[PATCH v4 13/14] KVM: ARM: Handle guest faults in KVM

Mon Dec 3 08:06:27 EST 2012

On Fri, Nov 30, 2012 at 09:40:37PM +0000, Christoffer Dall wrote:
> On Mon, Nov 19, 2012 at 10:07 AM, Will Deacon <will.deacon at arm.com> wrote:
> >
> > Why are PIPT caches affected by this? The virtual address is irrelevant.
> >
> 
> The comment is slightly misleading, and I'll update it. Just so we're
> clear, this is the culprit:
> 
> 1. guest uses page X, containing instruction A
> 2. page X gets swapped out
> 3. host uses page X, containing instruction B
> 4. instruction B enters i-cache at page X's cache line
> 5. page X gets swapped out
> 6. guest swaps page X back in
> 7. guest executes instruction B from cache, should execute instruction A

Ok, that's clearer. Thanks for the explanation.
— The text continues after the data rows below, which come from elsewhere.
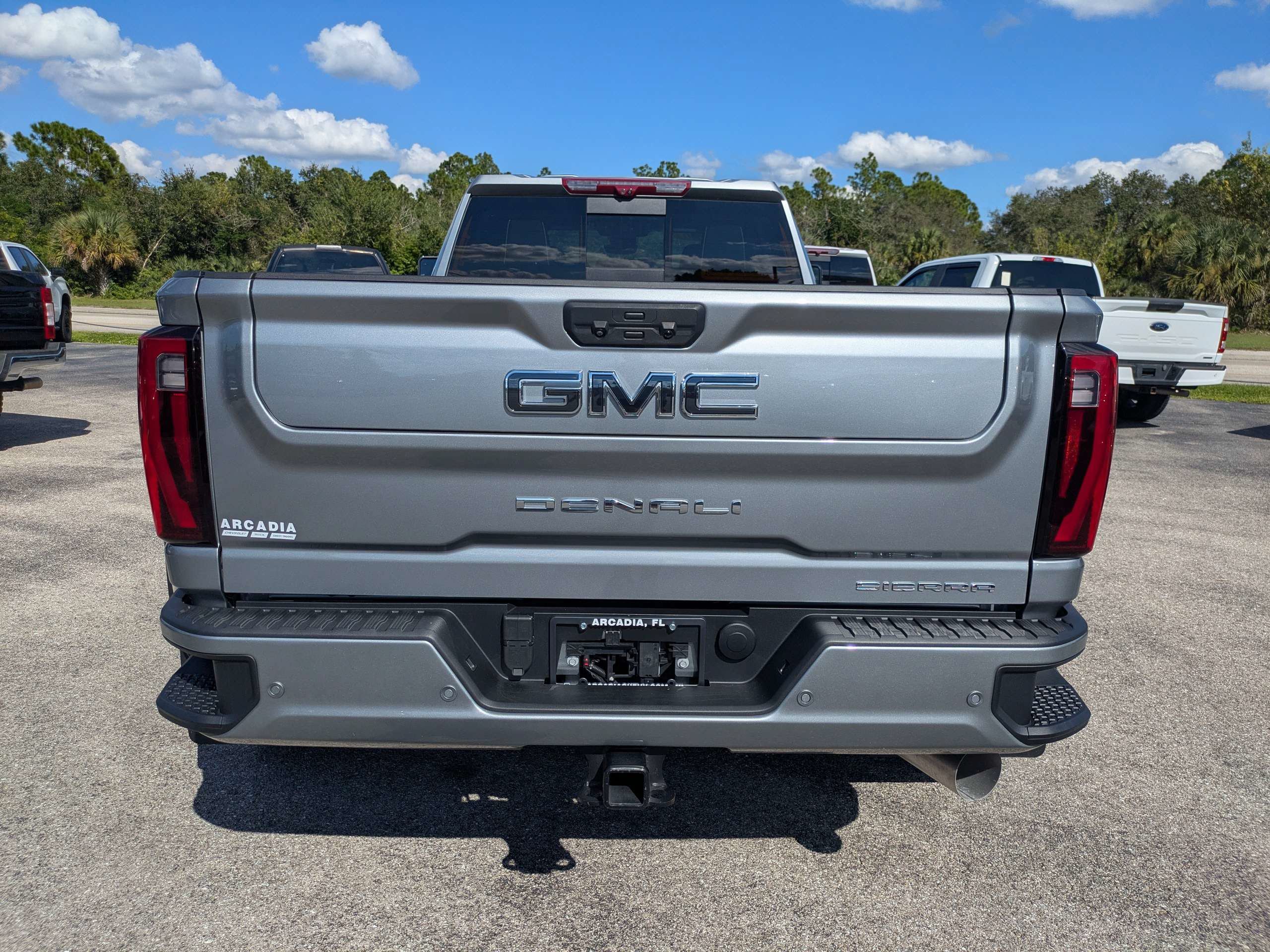Used 2026 GMC Sierra 3500 Denali Ultimate AWD/4WD image 9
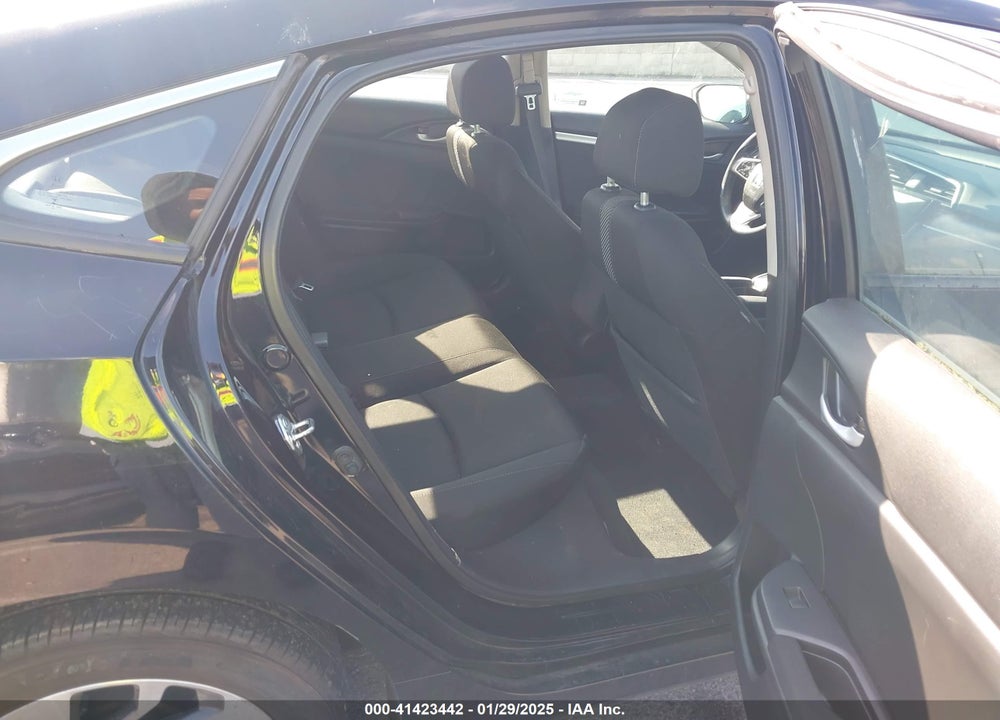 2018 HONDA CIVIC VIN: 2HGFC2F75JH528116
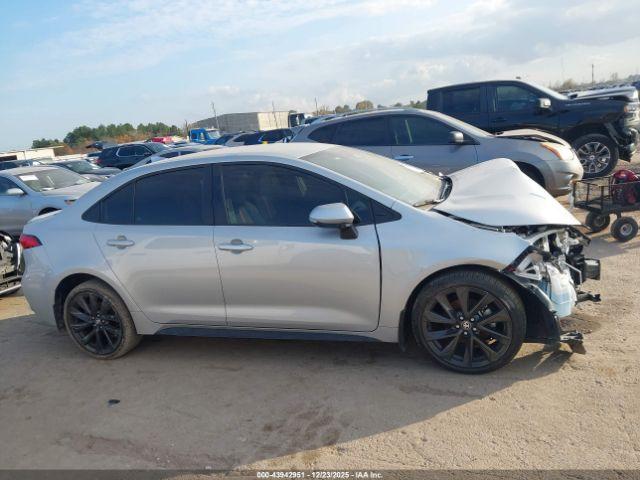 Toyota Corolla Se Image 15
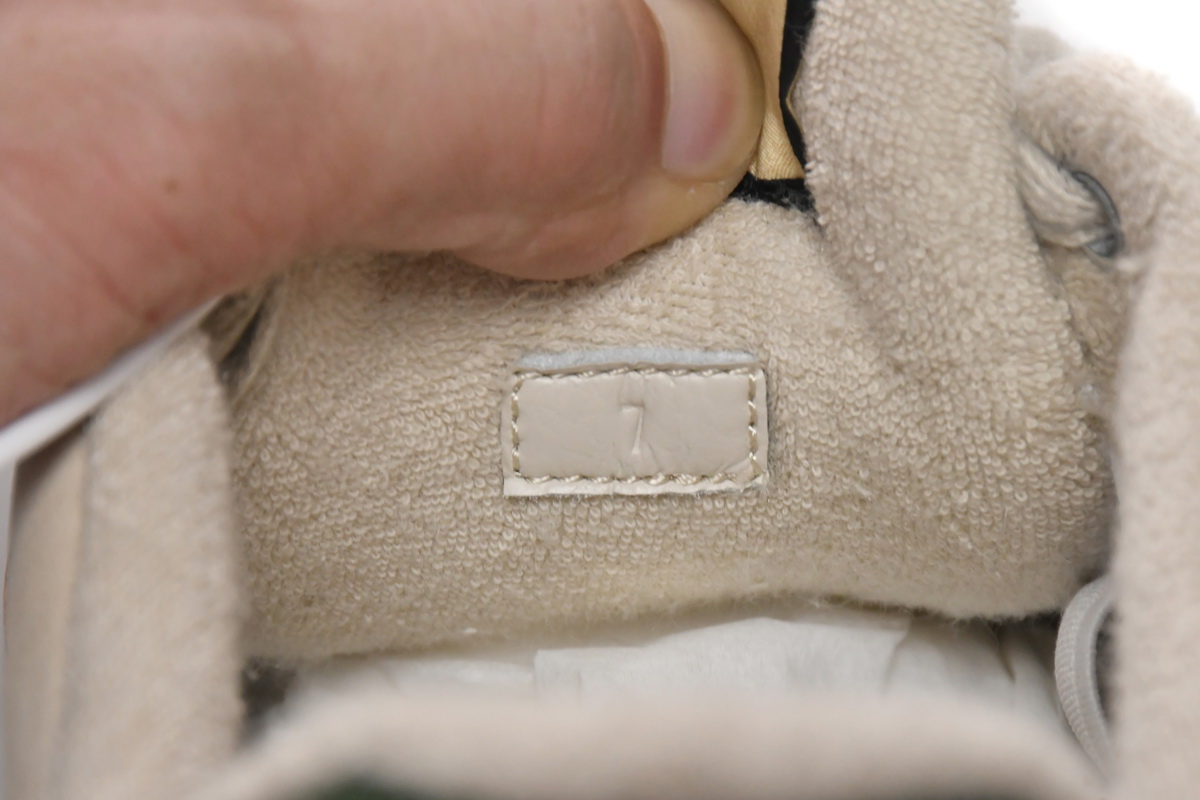  Gucci Screener GG Canvas 546551 9Y920 9666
> The point is that with PIPT we can flush only that page from the
> icache using the host virtual address, as the MMU will do the
> translation on the fly. In the VIPT we have to nuke the whole thing
> (unless we .

Unless we what? Could we flush using the host VA + all virtual aliases
instead?

> >> +        * (or another VM) may have used this page at the same virtual address
> >> +        * as this guest, and we read incorrect data from the icache.  If
> >> +        * we're using a PIPT cache, we can invalidate just that page, but if
> >> +        * we are using a VIPT cache we need to invalidate the entire icache -
> >> +        * damn shame - as written in the ARM ARM (DDI 0406C - Page B3-1384)
> >> +        */
> >> +       if (icache_is_pipt()) {
> >> +               unsigned long hva = gfn_to_hva(kvm, gfn);
> >> +               __cpuc_coherent_user_range(hva, hva + PAGE_SIZE);
> >> +       } else if (!icache_is_vivt_asid_tagged()) {
> >> +               /* any kind of VIPT cache */
> >> +               __flush_icache_all();
> >> +       }
> >
> > so what if it *is* vivt_asid_tagged? Surely that necessitates nuking the
> > thing, unless it's VMID tagged as well (does that even exist?).
> >
> 
> see page B3-1392 in the ARM ARM, if it's vivt_asid_tagged it is also
> vmid tagged.

Great.

> >> +               write_fault = false;
> >> +       else
> >> +               write_fault = true;
> >> +
> >> +       if (fault_status == FSC_PERM && !write_fault) {
> >> +               kvm_err("Unexpected L2 read permission error\n");
> >> +               return -EFAULT;
> >> +       }
> >> +
> >> +       /* We need minimum second+third level pages */
> >> +       ret = mmu_topup_memory_cache(memcache, 2, KVM_NR_MEM_OBJS);
> >> +       if (ret)
> >> +               return ret;
> >> +
> >> +       mmu_seq = vcpu->kvm->mmu_notifier_seq;
> >> +       smp_rmb();
> >
> > What's this barrier for and why isn't there a write barrier paired with
> > it?
> >
> 
> The read barrier is to ensure that mmu_notifier_seq is read before we
> call gfn_to_pfn_prot (which is essentially get_user_pages), so that we
> don't get a page which is unmapped by an MMU notifier before we grab
> the spinlock that we would never see. I also added a comment
> explaining it in the patch below.
> 
> There is a write barrier paired with it, see virt/kvm/kvm_main.c,
> specifically kvm_mmu_notifier_invalidate_page (the spin_unlock), and
> kvm_mmu_notifier_invalidate_range_end.

Ok, so it sounds like a homebrew seqlock implementatiom. Any reason KVM
isn't just using those directly?

Will